Odyniec, the family coat of arms.

Zenon Kazimierz Wysłouch (1727–1805) was a chamberlain of the Brzeskie Voivodeship and a member of the Great Sejm.

Born on the Leżajka family estate (Polesie, currently Belarus) as the first son of Antoni Stanisław and Joanna Kościa-Zbirohowska, Zenon was educated at Jesuit and Piarist Collegiums and later at the elite Collegium Nobilium in Warsaw.

In 1750 he returned to Brzeski region to become the secretary of the lesser seal and in 1758 he was nominated as the sword bearer of the Brzeskie Voivodeship, a member of the Head Tribunal and a scribe of the Treasury Tribunal in Minsk. In 1781 Zenon became the chamberlain (podkomorzy) of the Brzeskie Voivodeship.

In 1790-1792 Zenon was a member of the Great Sejm for the Brzeskie Voivodeship, the Polish parliament that created the Polish constitution, the second oldest in the World. He was associated with Adam Kazimierz Czartoryski's Patriotic Party, a political movement advocating reforms aiming to secure Poland's independence from Russia.

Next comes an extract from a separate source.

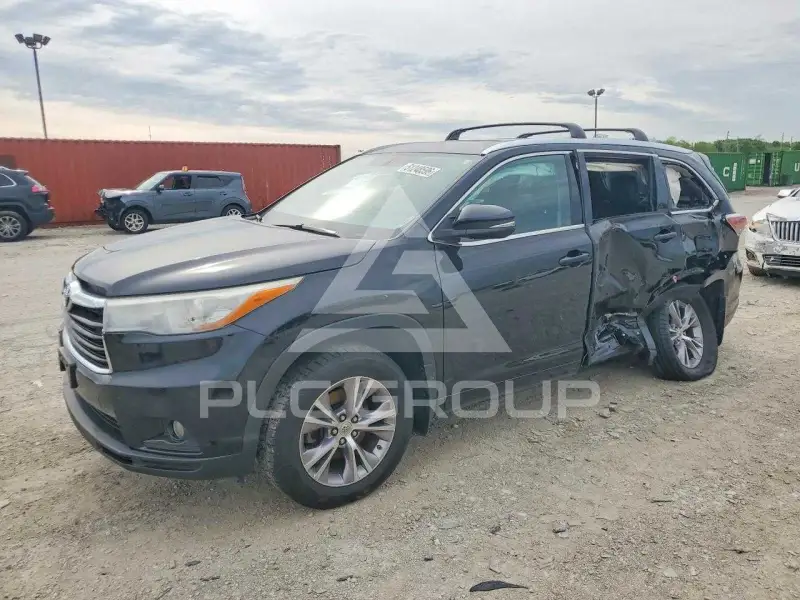 2015 Toyota Highlander photo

In 1766 Zenon married Honorata Oreszko and received her family's Pirkowicze estate as a dowry. In place of the ruined house erected there in the 16th century by the bishop Cyryl Terlecki, the co founder of the Union of Brest, Wysłouch built a manor house surrounded by an elegant park. He also funded the construction of a unionist church in Pirkowicze, where he was later buried.